Introduction

The production of phosphoric acid and Phosphorous fertilizers from natural apatite by the classic acid-leaching method creates well-known ecological problems [13]. Using the method in addition to high-energy ball milling and thermal methods allows one to obtain new products (fertilizers) which can transform water-soluble and insoluble forms of P2O5 to citrate-soluble forms [4, 5]. A new possibility in this topic is the creation of ecologically safe complex fertilizer compounds and soil improvers by thermal and high-energy milling (HEM) methods from natural apatite mixed with industrial and semi-industrial wastes [68]. An important topic of interest during complex treatment of natural apatite is a possibility of solid-phase synthesis of the main (Ca, PO4, F and OH) and accessory (SiO2, Na2O, R2O3 - R = Al, Fe, etc.) components of the natural system.

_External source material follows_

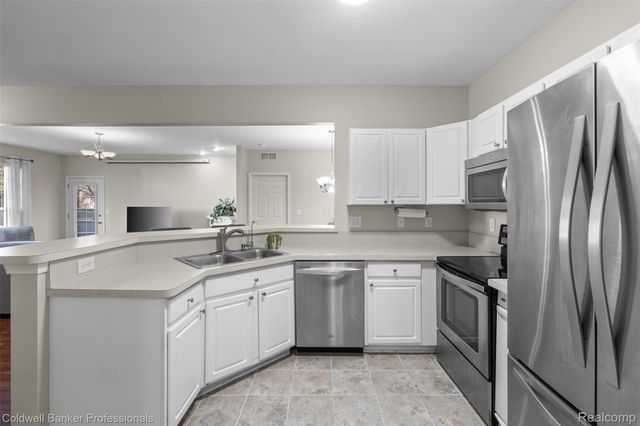 21105 Chesapeake Circle 243, Commerce Charter Township, MI 48390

In our previous works we investigated chemical and thermal reactions of

  1. (i)

    High energy activated and thermal treated composites of natural apatite from Tunisia and ammonium sulphate (pure for analysis—p. a.) grade in a mass ratio 1:1, where the HEM activation was carried out with planetary mill (Cr–Ni milling balls) and the thermal treatment—at temperatures up to 1,100 °C. The HEM activation was at wide range of times [4, 9].

  2. (ii)

    Thermal-treated composites of natural apatite from Tunisia and ammonium sulphate—by-product from the electron-beam waste gas cleaning system in the Thermal Power Plant Maritsa-East-2, Bulgaria in a mass ratio 1:1. The thermal treatment was accomplished at dynamic and isothermal heating conditions at temperatures up to 1,100 °C [4].

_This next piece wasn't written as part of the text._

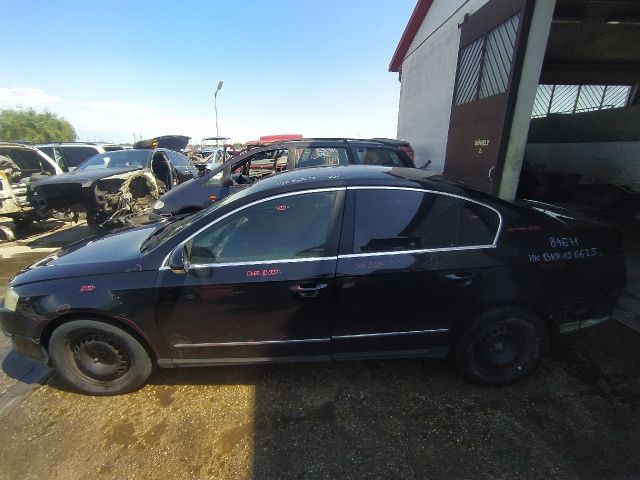 bontott VW PASSAT B6 Bal első Gumikéder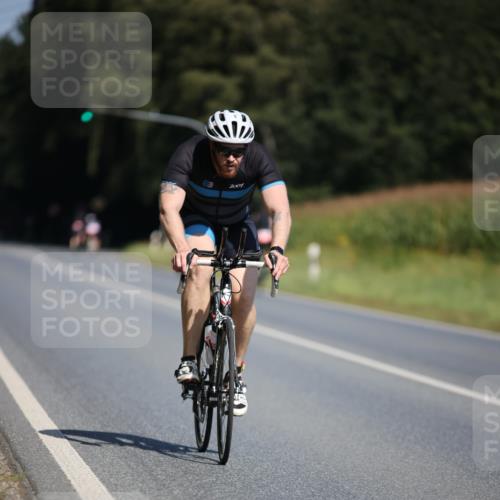 01.09.2024 - 17. Tribühne Triathlon H.Heesch http://msf.ph/oto/6947788 01.09.2024 11:59:19 Radfahren 498 meine-sportfotos.de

The obtained results show a promising mechanism of the thermal decomposition reactions requiring additional refinement.

In order to extend our earlier studies we investigated the chemical and thermal reactions in a new composite of natural apatite that is HEM activated for different times and thermally treated (from Tunisia) and ammonium sulphate, obtained as a by-product from cleaning industrial waste gases, using e-beam technology, in a mass ratio 1:1. The phase transformations of the composites after HEM and thermal treatment to solid products are confirmed using a complex of the different analyses: standard chemical analysis, X-ray powder diffraction, and infrared spectroscopy. A relationship was found between phase transformations in solids and the conditions of HEM activation.

Materials

Raw materials used for the new composite:

  • natural carbonate-fluorapatite Ca5F(PO4)3 (CFAp) [4, 7, 10] from Tunisian sedimentary phosphorite ore deposit with the following chemical composition: 29.5 % P2O total5 ; 6.9 % P2O ass5 (by 2 % citric acid); 3.2 % F; 46.5 % CaO; 0.55 % R2O3 (R = Al, Fe); 1.1 % SO3; 7.3 % SiO2; 0.35 % MgO; 0.05 % Cl; 6,2 % CO2; moisture content 3.14 % and a granulometric size of the particles of 0.8 mm.

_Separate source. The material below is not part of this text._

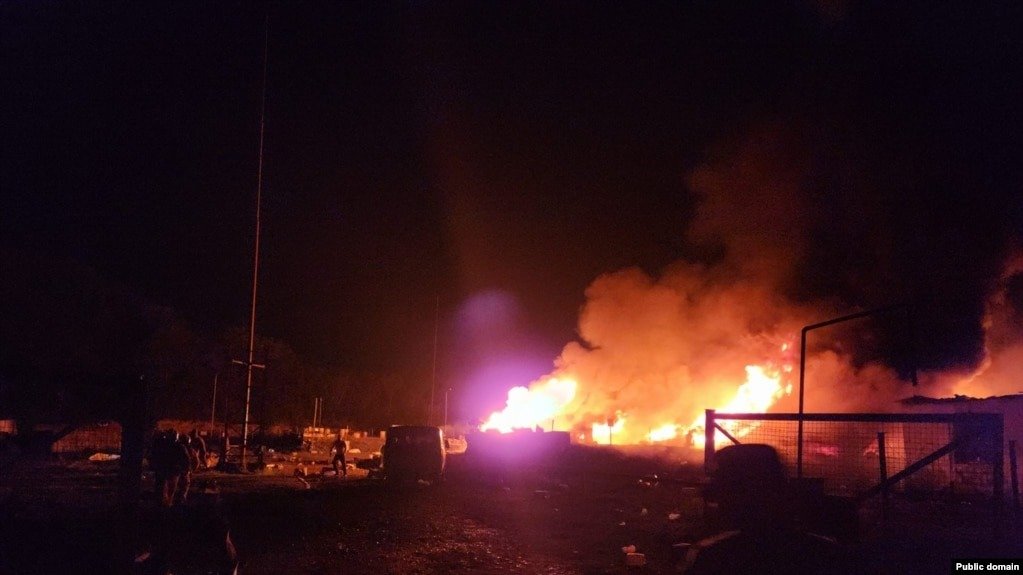 Взрыв на топливном складе в Нагорном Карабахе. Фото из открытых источников / Wikimedia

  • ammonium sulphate (NH4)2SO4—obtained as a by-product from cleaning industrial waste gases, using e-beam technology. The parameters and the properties of ammonium sulphate are given elsewhere [11, 12].

The composite composition: CFAp and by-product of (NH4)2SO4 in mass ratio 1:1 (TS0).

The initial TS0 is HEM activated for different times: 5, 10, 30 and 60 min, as well as for 5, 10, 15, 30, 40 and 50 h. As a result, we obtained 10 activated samples, TS5 m, TS10 m, TS30 m, TS60 m, TS5 h, TS10 h, TS15 h, TS30 h, TS40 h and TS50 h, respectively.

Methods

The HEM activation was carried out in a planetary mill Pulverisette-5, Fritsch Co (Germany). The activation times were from 10 min to 50 h with Fe-milling bodies with diameter of the milling bodies of 20 mm and sample mass of 0.020 kg. The HEM activation was chosen from our previous work [13]. The selection was made in the order to satisfy earlier obtained results for optimal activation time and our next investigation for the linear dependence of activation time and particle agglomeration, whereas the increasing level of agglomeration depends contrariwise on the specific surface area [4, 14, 15]. Furthermore, in the experiment we used another type of milling balls, Fe, because of their well-known catalytic activity and ability of increasing the solubility of activated composites [14, 16].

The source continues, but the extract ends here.